- WHAT TO WORK ON: Beginning with the opening line, set down each line of the material below exactly, stopping once the line with "Mini Convertible Convertible" is done.

- DATA SECTION:
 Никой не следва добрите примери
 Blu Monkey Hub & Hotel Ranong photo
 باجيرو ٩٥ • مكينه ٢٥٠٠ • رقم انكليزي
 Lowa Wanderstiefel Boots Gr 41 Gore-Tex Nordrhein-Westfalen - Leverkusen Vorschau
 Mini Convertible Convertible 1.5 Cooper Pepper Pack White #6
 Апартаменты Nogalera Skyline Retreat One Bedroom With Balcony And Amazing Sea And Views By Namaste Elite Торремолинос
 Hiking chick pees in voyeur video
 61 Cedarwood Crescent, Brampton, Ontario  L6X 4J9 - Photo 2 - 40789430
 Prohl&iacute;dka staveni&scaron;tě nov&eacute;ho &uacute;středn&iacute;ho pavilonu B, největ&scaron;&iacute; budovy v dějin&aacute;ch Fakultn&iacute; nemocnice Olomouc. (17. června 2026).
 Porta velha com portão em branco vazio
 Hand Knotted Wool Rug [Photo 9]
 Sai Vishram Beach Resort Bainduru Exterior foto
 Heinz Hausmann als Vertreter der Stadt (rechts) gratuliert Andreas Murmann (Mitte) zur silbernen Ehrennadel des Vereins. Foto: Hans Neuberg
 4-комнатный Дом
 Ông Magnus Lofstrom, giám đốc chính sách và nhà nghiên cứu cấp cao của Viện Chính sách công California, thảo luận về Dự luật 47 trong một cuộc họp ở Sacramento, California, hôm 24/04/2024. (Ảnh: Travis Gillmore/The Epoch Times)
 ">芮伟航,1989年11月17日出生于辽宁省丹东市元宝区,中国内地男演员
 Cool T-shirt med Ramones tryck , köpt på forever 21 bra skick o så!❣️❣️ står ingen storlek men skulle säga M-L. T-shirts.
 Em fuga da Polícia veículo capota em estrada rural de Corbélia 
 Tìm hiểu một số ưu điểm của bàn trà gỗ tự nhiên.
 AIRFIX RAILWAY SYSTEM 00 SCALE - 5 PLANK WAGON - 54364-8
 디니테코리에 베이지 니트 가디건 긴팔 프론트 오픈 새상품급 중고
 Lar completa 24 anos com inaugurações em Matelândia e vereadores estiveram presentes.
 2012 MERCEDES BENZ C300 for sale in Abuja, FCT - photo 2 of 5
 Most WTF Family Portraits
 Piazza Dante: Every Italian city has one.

- REPLY:
 Никой не следва добрите примери
 Blu Monkey Hub & Hotel Ranong photo
 باجيرو ٩٥ • مكينه ٢٥٠٠ • رقم انكليزي
 Lowa Wanderstiefel Boots Gr 41 Gore-Tex Nordrhein-Westfalen - Leverkusen Vorschau
 Mini Convertible Convertible 1.5 Cooper Pepper Pack White #6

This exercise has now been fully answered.